**Source data:**
━━━━━━━━━━━━━━━━━━━━

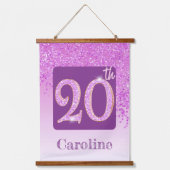 Decorative Pink Glitter 2 Photos for 20th Birthday 吊り下げ型タペストリー (正面2)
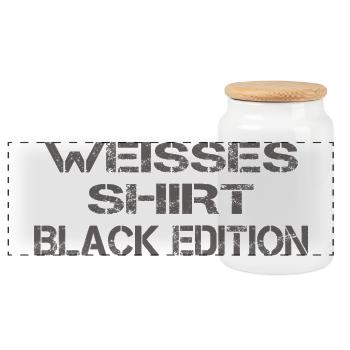 Funny Slogan White Shirt Black Edition - Panoramic Cookie Jar with Wooden Lid - white - Front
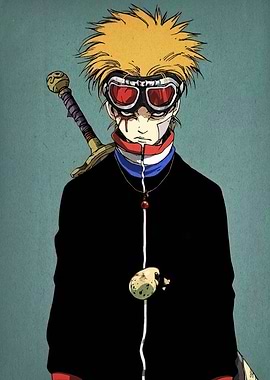 Anime Character with Sword and Goggles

━━━━━━━━━━━━━━━━━━━━

**Task:**
Retype each line of the listing above word for word. Exclude the pictures.

**Solution:**
 Decorative Pink Glitter 2 Photos for 20th Birthday 吊り下げ型タペストリー (正面2)
 Funny Slogan White Shirt Black Edition - Panoramic Cookie Jar with Wooden Lid - white - Front
 Anime Character with Sword and Goggles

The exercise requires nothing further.